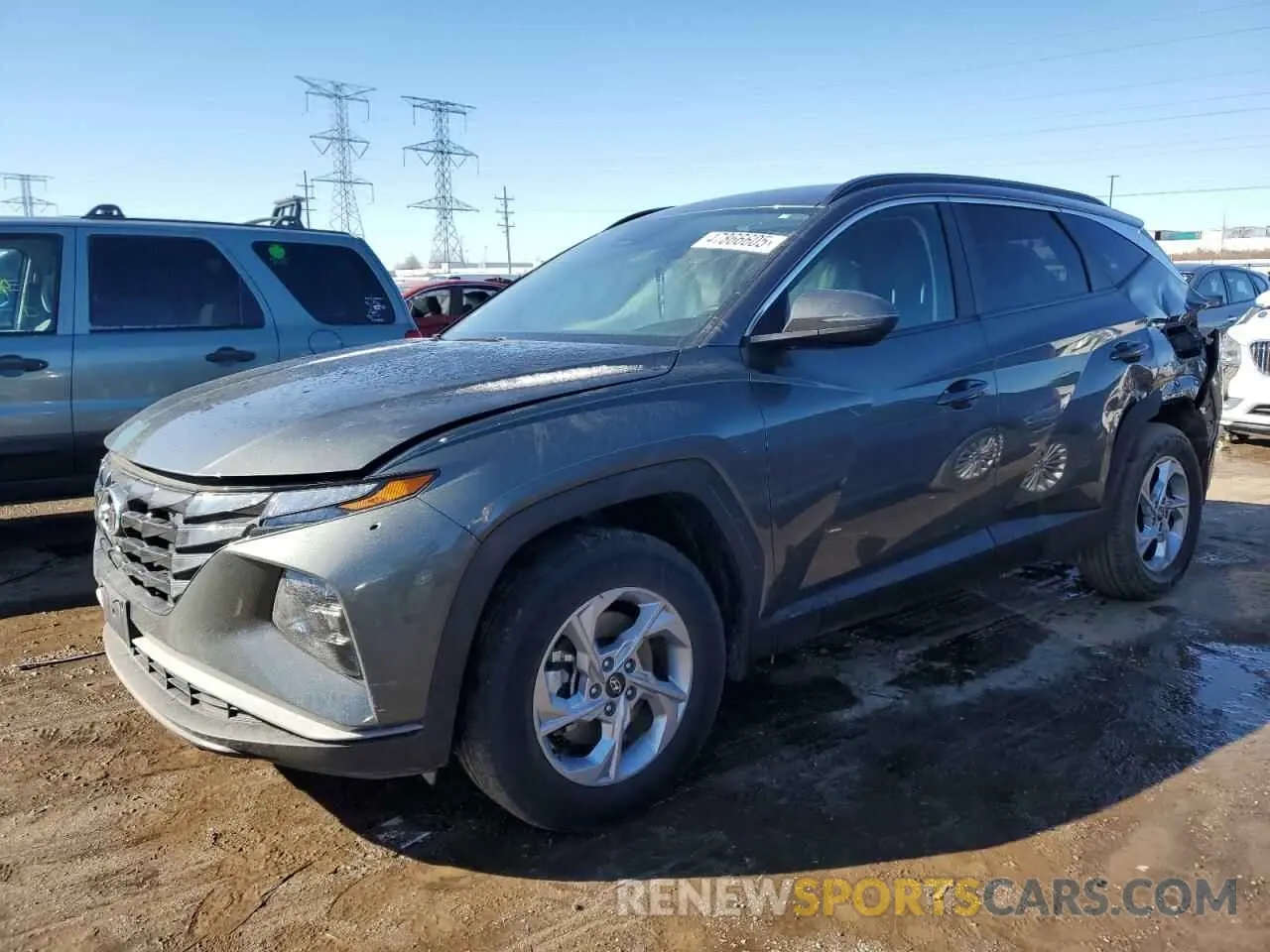 2 fotografías del automóvil dañado 5NMJBCAE1NH067787 HYUNDAI TUCSON 2022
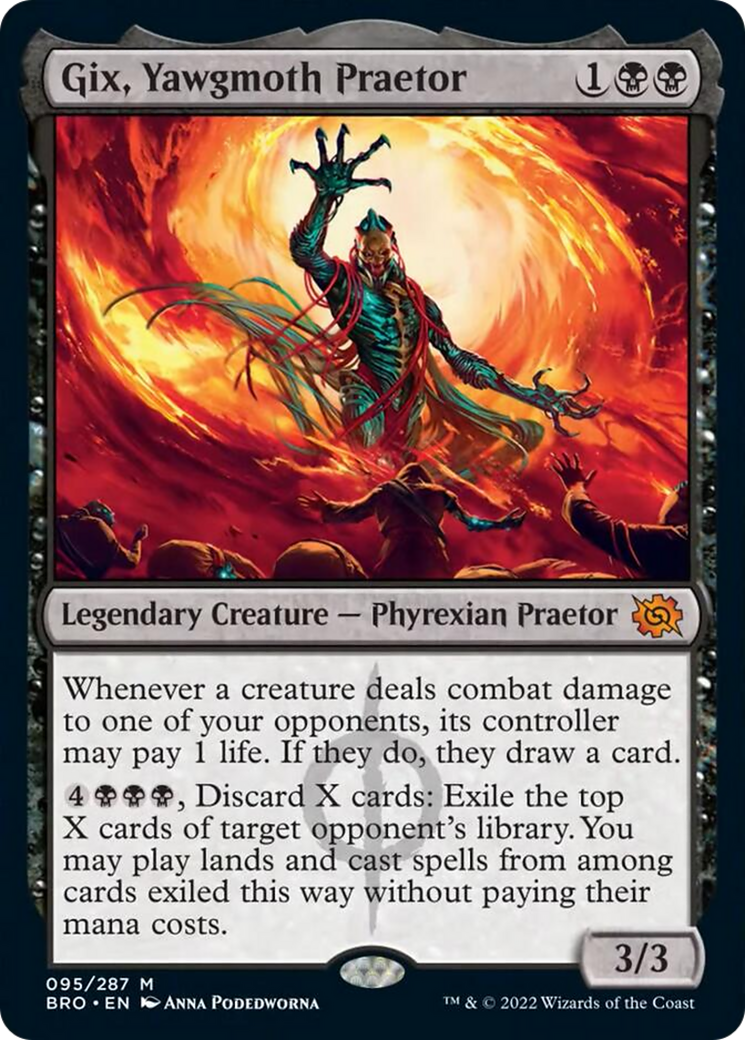 Gix, Yawgmoth Praetor Card Image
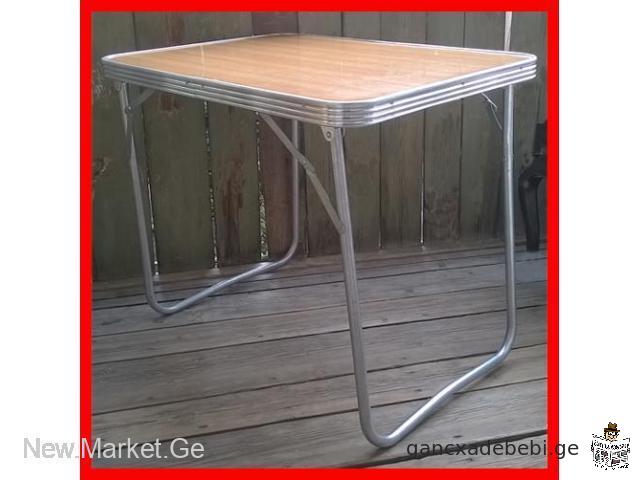 compact folding table aluminum table lightweight table kitchen table camping table picnic table USSR
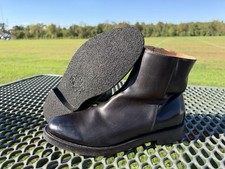 ALBERTO FASCIANI Ethan Black Leather Boots Men’s EU 42.5 US 8.5 picture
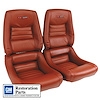 4201EM Mounted Embroidered Seat Cover Parts & Labor Bundle, 1978-1982 Chevy Corvette, Leather/Vinyl W/4 in. Bolster - image 1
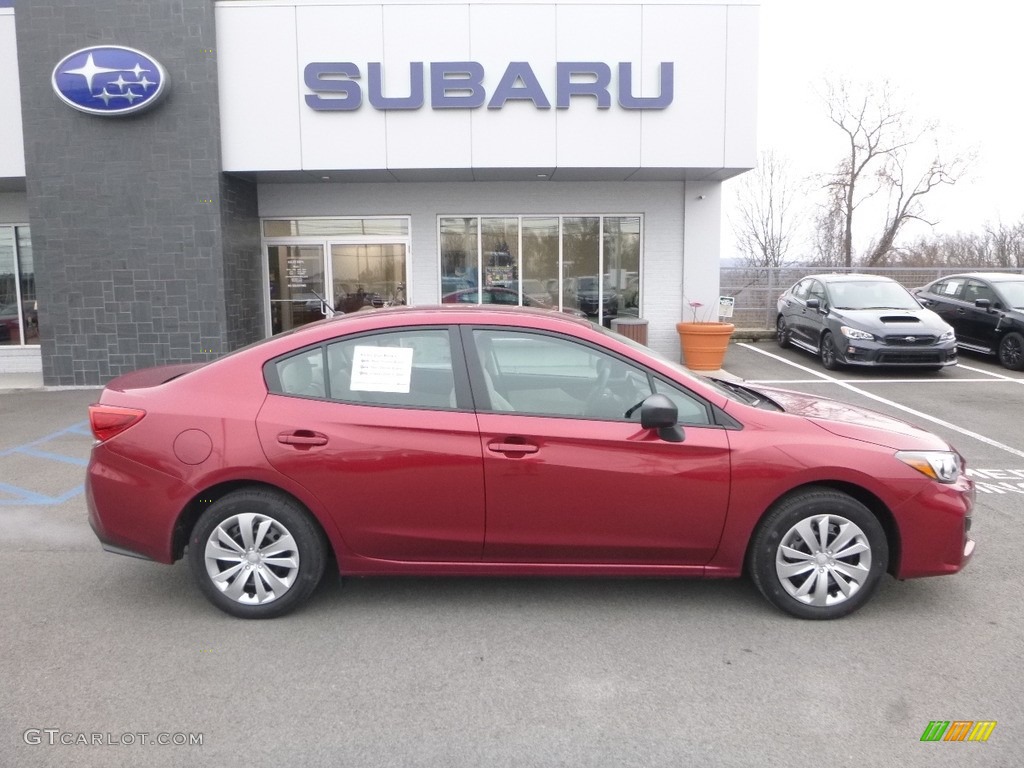 Crimson Red Pearl 2018 Subaru Impreza 2.0i 4-Door Exterior Photo #124332289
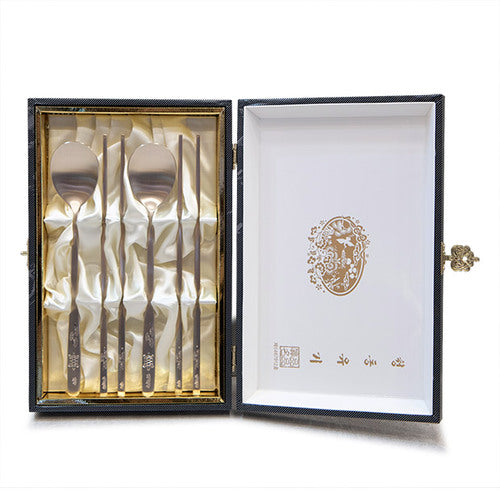 Spoon & Chopstick Set — Tortoise - LV0076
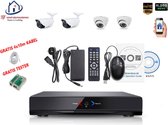 Home-Locking camerasysteem met NVR 3.0MP H265 POE met 4 camera's 3.0MP CS-4-1411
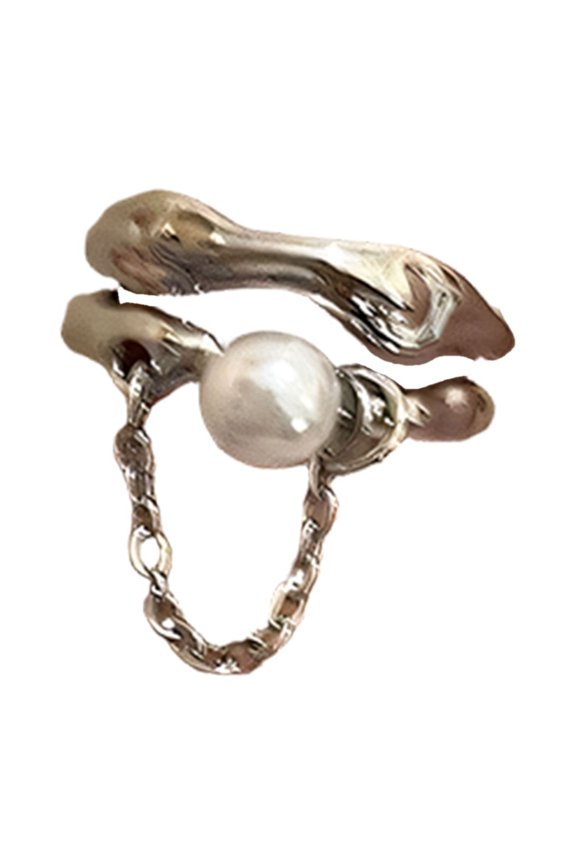 Adjustable Wedding Rings Dating Rings Double Layer Delicate Finger Jewelry Alloy Texture for Woman and Present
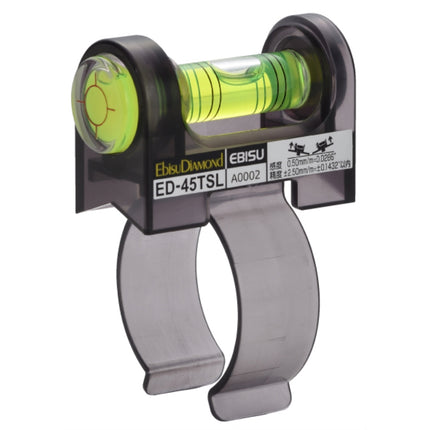 EBISU Handrail Level (Pipe) ED-45TSL 43.5*80*56mm, 0.50mm/m(0.0286º), pipe diameter 42~45mm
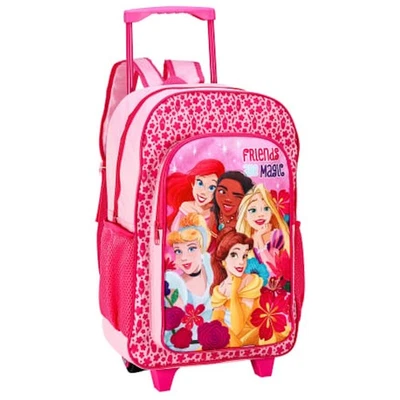 Disney Prinzessin Pink Rollen Trolley Rucksack Koffer Handgepäck Reisetasche - Bild 1 von 4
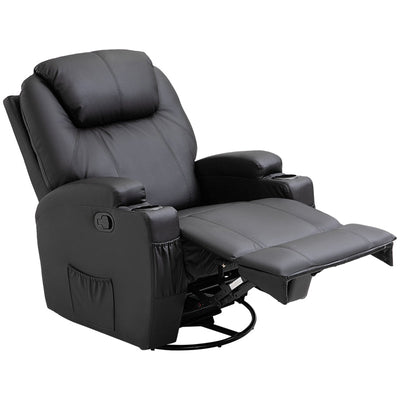 Recliner Armchair Massage , Black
§ §
**WHAT TO DO**
The answer must be an exact copy of the records, with no pictures in it.

**ANSWER BELOW**
 2 fotografías del automóvil dañado 5NMJBCAE1NH067787 HYUNDAI TUCSON 2022
 Gix, Yawgmoth Praetor Card Image
 compact folding table aluminum table lightweight table kitchen table camping table picnic table USSR
 ALBERTO FASCIANI Ethan Black Leather Boots Men’s EU 42.5 US 8.5 picture
 4201EM Mounted Embroidered Seat Cover Parts & Labor Bundle, 1978-1982 Chevy Corvette, Leather/Vinyl W/4 in. Bolster - image 1
 Crimson Red Pearl 2018 Subaru Impreza 2.0i 4-Door Exterior Photo #124332289
 Spoon & Chopstick Set — Tortoise - LV0076
 Home-Locking camerasysteem met NVR 3.0MP H265 POE met 4 camera's 3.0MP CS-4-1411
 Adjustable Wedding Rings Dating Rings Double Layer Delicate Finger Jewelry Alloy Texture for Woman and Present
 EBISU Handrail Level (Pipe) ED-45TSL 43.5*80*56mm, 0.50mm/m(0.0286º), pipe diameter 42~45mm
 Disney Prinzessin Pink Rollen Trolley Rucksack Koffer Handgepäck Reisetasche - Bild 1 von 4
 Recliner Armchair Massage , Black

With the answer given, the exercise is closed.